In this regard, a three-dimensional capacitor may be provided to increase the capacitance of the structure while preserving the smaller footprint of the SMoM 90. One such three-dimensional or multilayer SMoM capacitor 130 is illustrated in FIGS. 10-12B. With reference to FIG. 10, a perspective view of multilayer spiral MoM capacitor 130 is illustrated. The spiral MoM capacitor 130 includes a first layer 132 and a second layer 134. The first layer 132 includes a first trace 136 and a second trace 138, which spiral inwardly as previously explained with respect the embodiment of FIGS. 2 and 4. Vias 140 and 142 couple the first layer 132 to the second layer 134 and to corresponding traces 144 and 146. Note that first trace 136 is coupled to the corresponding trace 144 and the second trace 138 is coupled to the corresponding trace 146. By design, the first, trace 136 is on the outside of the spiral on the first layer 132 and corresponding trace 144 is on the inside of the spiral on the second layer 134. Likewise, the second trace 138 is on the inside of the spiral on the first layer 132 and on the outside of the spiral on the second layer 134. Put another way, elements of the second layer 134, the corresponding trace 144 that is electrically coupled to the first trace 136 is inwardly positioned relative to corresponding trace 146 that is electrically coupled to the second trace 138.

In this regard, FIG. 11 illustrates the layers 132, 134 from a top elevational view with the first trace 136 shaded the same as corresponding trace 144 and the second trace 138 shaded the same as corresponding trace 146 to highlight the commonality of the traces. In effect, this embodiment forms a first electrode 150 out of the first trace 136 and the corresponding trace 144 and a second electrode 152 out of the second trace 138 and the corresponding trace 146. The layers 132, 134 alternate which electrode is exteriorly positioned on the spiral. Note that while only two layers 132, 134 are illustrated, this pattern may be repeated through additional layers as better illustrated in FIG. 12A.

In this regard, FIG. 12A illustrates first layer 132 stacked on second layer 134, which in turn is stacked on layer 132′, which again reverses the arrangement of the traces such that the first electrode 150 is exteriorly positioned on the spiral relative to the second electrode 152. The stacking of layers provides additional capacitive density for the spiral MoM 130 by having more layers to have intralayer capacitance (e.g., between first trace 136 and second trace 138) and also creating interlayer capacitance between the layers 132, 134. FIG. 12B illustrates an assembled spiral MoM capacitor 130 with multiple layers 132, 134. However, as is readily apparent, the two dimensional foot print of the multilayer spiral MoM capacitor 130 is no larger than a single layer spiral MoM capacitor.

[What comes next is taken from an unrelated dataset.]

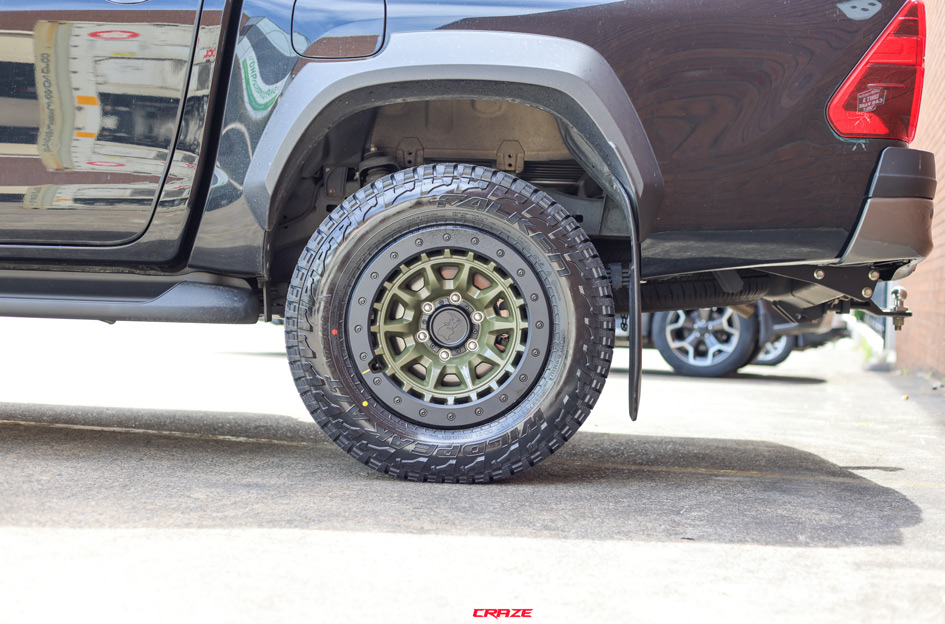 TOYOTA HILUX ROGUE BLACK RHINO TUSK OLIVE DRAB GREEN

The SMoM capacitor according to embodiments disclosed herein may be provided in or integrated into any processor-based device. Examples, without limitation, include a set top box, an entertainment unit, a navigation device, a communications device, a fixed location data unit, a mobile location data unit, a mobile phone, a cellular phone, a computer, a portable computer, a desktop computer, a personal digital assistant (PDA), a monitor, a computer monitor, a television, a tuner, a radio, a satellite radio, a music player, a digital music player, a portable music player, a digital video player, a video player, a digital video disc (DVD) player, and a portable digital video player.

In this regard, FIG. 13 illustrates an example of a processor-based system 170 that can employ SMoM capacitors 50, 98, 110, or 130 illustrated in FIGS. 2, 8, 9, and 10-12B. In this example, the processor-based system 170 includes one or more central processing units (CPUs) 172, each including one or more processors 174. The CPU(s) 172 may have cache memory 176 coupled to the processor(s) 174 for rapid access to temporarily stored data. The CPU(s) 172 is coupled to a system bus 180 and can intercouple master devices and slave devices included in the processor-based system 170. As is well known, the CPU(s) 172 communicates with these other devices by exchanging address, control, and data information over the system bus 180. For example, the CPU(s) 172 can communicate bus transaction requests to the memory controller 168N as an example of a slave device. Although not illustrated in FIG. 13, multiple system buses 180 could be provided, wherein each system bus 180 constitutes a different fabric.

Other master and slave devices can be connected to the system bus 180. As illustrated in FIG. 13, these devices can include a memory system 182, one or more input devices 184, one or more output devices 186, one or more network interface devices 188, and one or more display controllers 190, as examples. The input device(s) 184 can include any type of input device, including but not limited to input keys, switches, voice processors, etc. The output device(s) 186 can include any type of output device, including but not limited to audio, video, other visual indicators, etc. The network interface device(s) 188 can be any devices configured to allow exchange of data to and from a network 192. The network 192 can be any type of network, including but not limited to a wired or wireless network, private or public network, a local area network (LAN), a wide local area network (WLAN), and the Internet. The network interface device(s) 188 can be configured to support any type of communication protocol desired. The memory system 182 can include one or more memory units 193(0-N).

The CPU 172 may also be configured to access the display controller(s) 190 over the system bus 180 to control information sent to one or more displays 194. The display controller(s) 190 sends information to the display(s) 194 to be displayed via one or more video processors 196, which process the information to be displayed into a format suitable for the display(s) 194. The display(s) 194 can include any type of display, including but not limited to a cathode ray tube (CRT), a liquid crystal display (LCD), a plasma display, etc.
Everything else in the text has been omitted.